Internet radio is now serious business and its popularity is growing every day. In fact, in 2016 alone more than 50 million people listened to the radio on the internet every week. So if you have a blog and you are looking for ways to increase your audience then supplementing your blogs written content with audio content is a great idea. However, setting up an internet radio station can be a confusing and time-consuming process if you are new to this type of thing. In this guide, we are going to look at the steps you need to take to set up an internet radio for magazines, blogs, and publishers.
Here’s a quick overview of some of the points we’ll cover:
- Determining the type of station you want to run
- Setting up your station
- Licensing explained
- Promoting your station
- Extending your content’s shelf life
- Monetising your station
Determining the Type of Station You Want to Run
Like blogs, the genre, niche or audience you serve with your radio station is practically limitless. So one the first thing you need to ask yourself is what kind of station do I want to run? Do you want to run a music station, a talk station or a combination of the two?
The easiest way to answer this is to look at the type of content you are currently producing and what currently works well with your audience. The better understanding you have of your audience the stronger your station concept will be.
Now obviously if you run a music blog talking about the hottest new music then it would be a no-brainer to focus your station’s output around this. Alternatively, let’s say you run a blog which focuses on sport, then it creating a station in a similar vein to ESPN Radio would make the most sense.

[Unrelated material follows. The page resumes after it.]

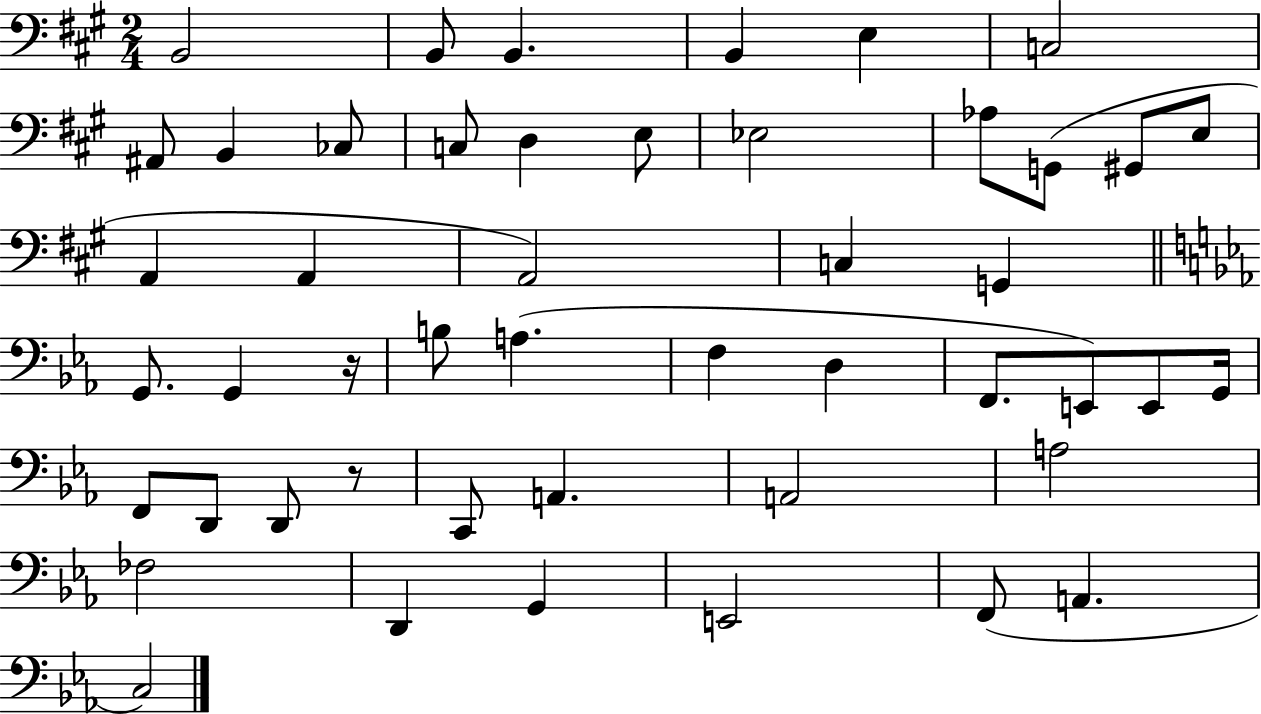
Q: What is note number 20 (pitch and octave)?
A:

The great thing about running your own station is that you are already producing the content you need, just in written form. So it’s not a huge amount of additional work to convert the posts and features you are writing into a segment for your station.
A great example of a blog who run their own station is Whalebone Magazine. Whalebone Radio showcases an eclectic range of music, comedy and talk segments based on the type of content they are already producing. So for example, if one of their writers is off to interview a new band then they will take along their recording equipment and also record the interview to use on the station.
It’s also worth mentioning that, as most blogs make their revenue from banners and site advertisements, your radio stream is another place you can sell advertising space to your clients.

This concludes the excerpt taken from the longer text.